Earlier this year I acquired a DOHC 250 Velo Engine and now have a Resurrection Plan. There is an INDEX PAGE for this engine rebuild and work is progressing well. The crankshaft has been rebuilt using MOV flywheels and "K" mainshafts and I have completed work on revising the lubrication system to mirror that of the Mk V KTT engine that is in my workshop.

 

I have just completed further work on the "bottom end" to get the crankshaft to actually fit and to sort out the engagement of the crankshaft shock-absorber and the bevel gear plus I have put helicoil inserts into the threads for the cylinder barrel studs. Further details HERE.

During the last 5 years I have posted quite a lot of information and to aid navigation the "Labels" section on the right side of this page lists the various projects.

The labels marked "INDEX" give a link to a page that provides a complete list and links to all of the separate sub-projects related to that main project.

Alternatively, scroll down this page and see what's here...

When I started this blog I owned a 500cc AJS R10

that I've been riding for many years and wanted an early 350cc bike. I bought one at a Bonhams auction; this is what I brought home....

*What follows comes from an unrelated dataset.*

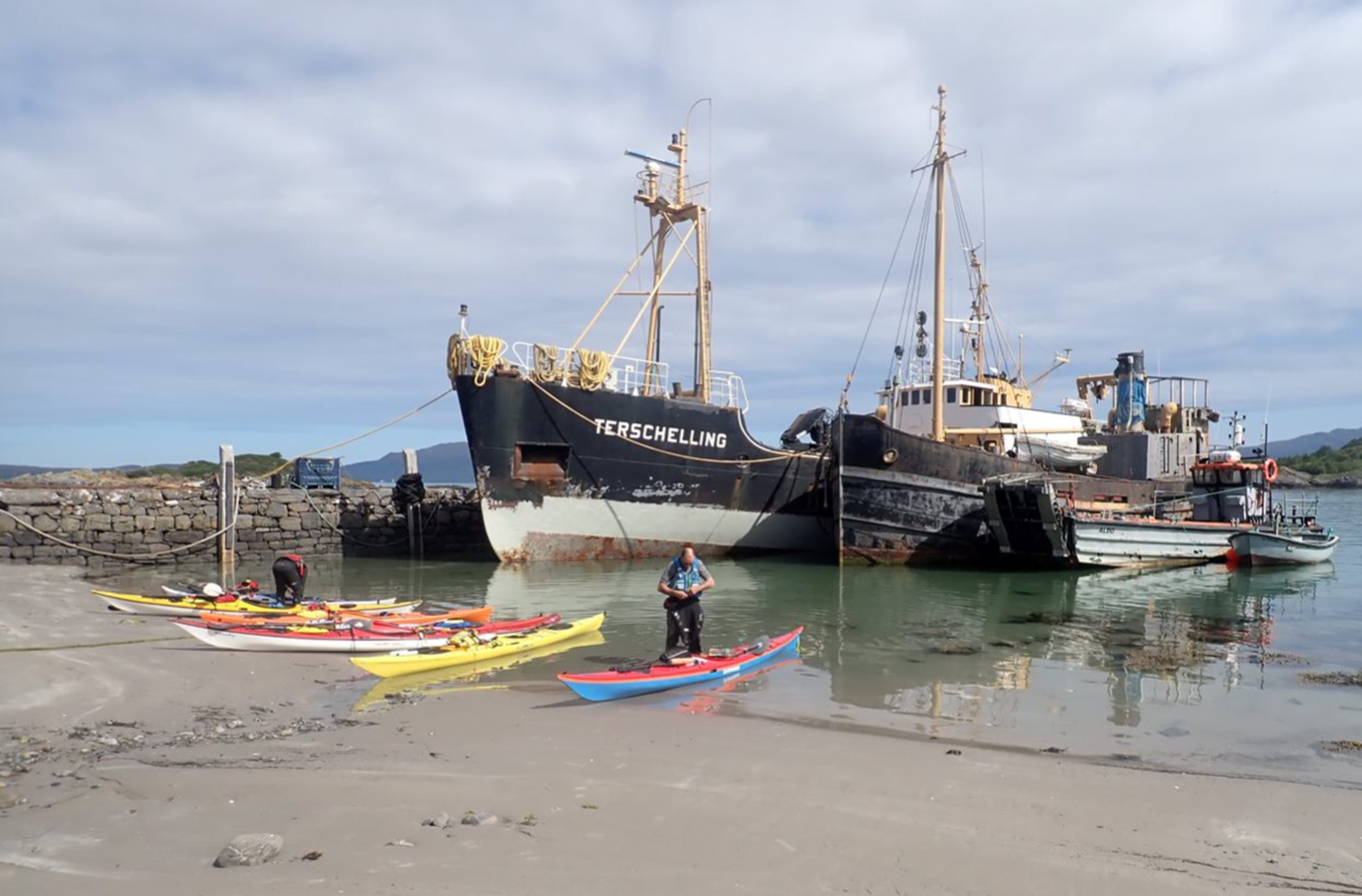 A person standing in a kayak next to a boat

Description automatically generated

....a bit of work was needed to bring it back to life 

Full details of the restoration can be found here.

During the restoration of the K7 I figured that I could put an early overhead camshaft Velocette cylinder, cylinder head and cambox onto the crankcases of an AJS 350cc engine from 1931, convert it to chain-driven OHC and make an engine that looks like a K7 but has a Velocette top-end. I had a 1928 350cc AJS sidevalve that I had bought on eBay and used that to create the AJcette ....giving credit to both manufacturers.

It looks pretty similar to the K7 and to demonstrate that there really are 2 bikes, here they are both together.

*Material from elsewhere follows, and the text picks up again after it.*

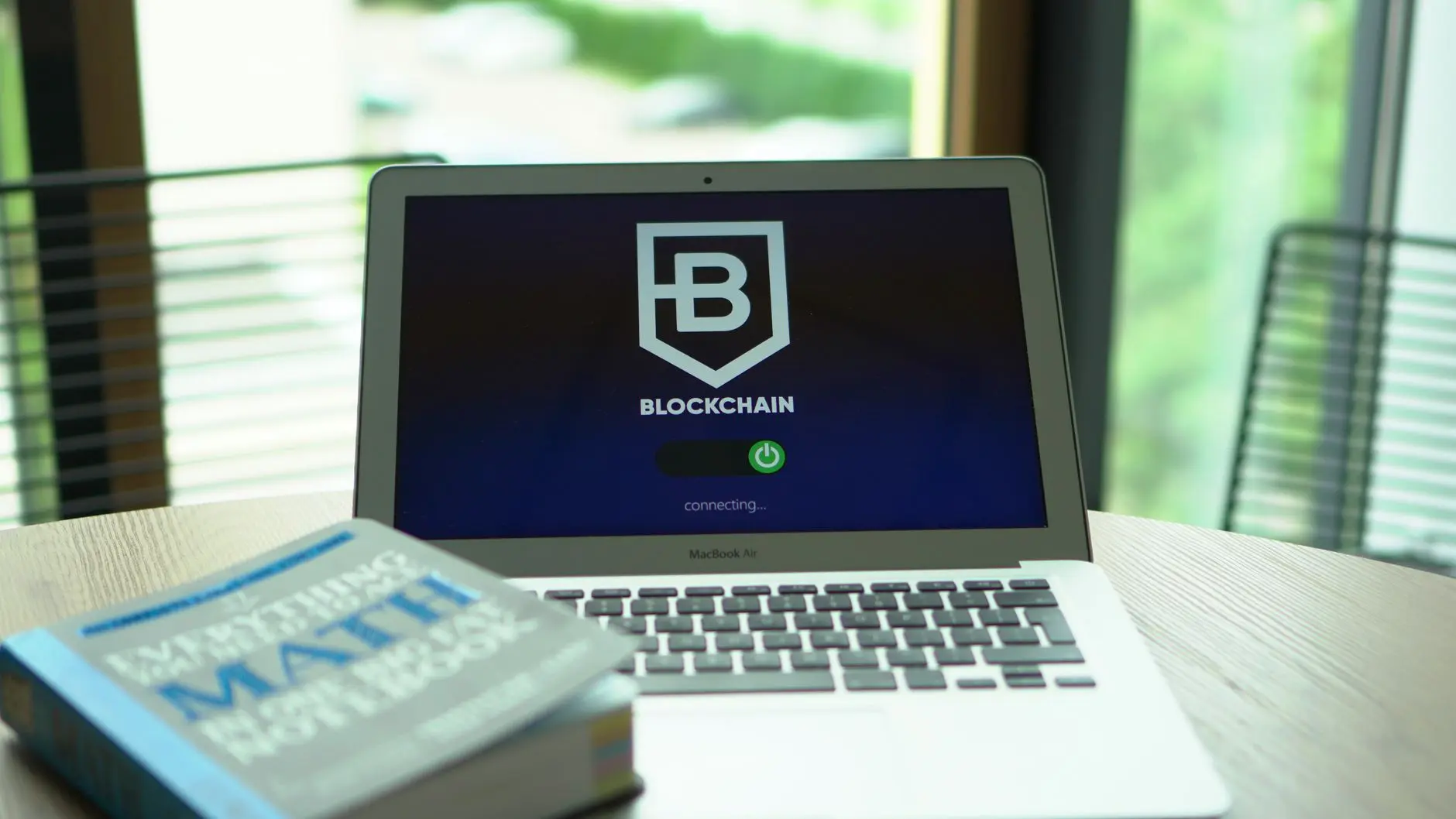 Laptop displaying a blockchain logo and loading screen with a math notebook beside it.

Details of the AJcette project can be found here.

I have quite a lot of early Mk1 OHC Velocette parts and after completing the AJcette I decided to use some of these to make a replica of a one-off bike that AJS built in 1929/1930 for an attempt on the world speed record. The original is a huge V-Twin beast that started out with a naturally-aspirated engine but, having failed to gain the record, was supercharged ...and again failed. The bike ended up in Tasmania for many years and, after being repatriated to the UK and restored, it is now in the National Motorcycle Museum.

This is what the original looked like:

and this is my recreation.

 

 

Like the AJcette, the V-Twin uses Mk 1 OHC Velocette cylinder components. The full story of how this bike was built can be found in the links here.

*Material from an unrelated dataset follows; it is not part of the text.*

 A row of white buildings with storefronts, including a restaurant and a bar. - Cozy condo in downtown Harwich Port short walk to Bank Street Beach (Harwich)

There is also a 14 minute edited Youtube summary of how these bikes came about here and a longer unedited version here.

In January 2022 I started the restoration of a 1933 AJS Trophy Model

and this was completed in March 2023.

 

The Index Page for this project can be found here.

I also reported briefly on a couple of my other projects ....vintage OHV Nortons

 and putting a Marshall supercharger onto my 1934 MG PA

 

I hope you find something of interest.

The DOHC 250 Velo Engine: Completing the Bottom End

I mentioned at the end of a previous blog on rebuilding the crankshaft that one of the consequences of using “K” mainshafts and MOV flywheels is that the assembled inner distance between the flywheels is about 1/8” less than the standard “K” crankshaft which means that the mainshafts are 1/16” further inboard.

This ended up having a few knock-on effects; in no particular order:

-       The big-end nuts foul the bearing outers

-       The crankshaft shock-absorber meets the crankcase casting before the taper grips on the drive-side mainshaft

-       On the timing side, the woodruff key on the crankshaft barely reaches the slot to engage with the bevel gear

The first of these needed to be addressed before I could make any progress on the others because it was not possible to assemble the crankshaft into the crankcases. 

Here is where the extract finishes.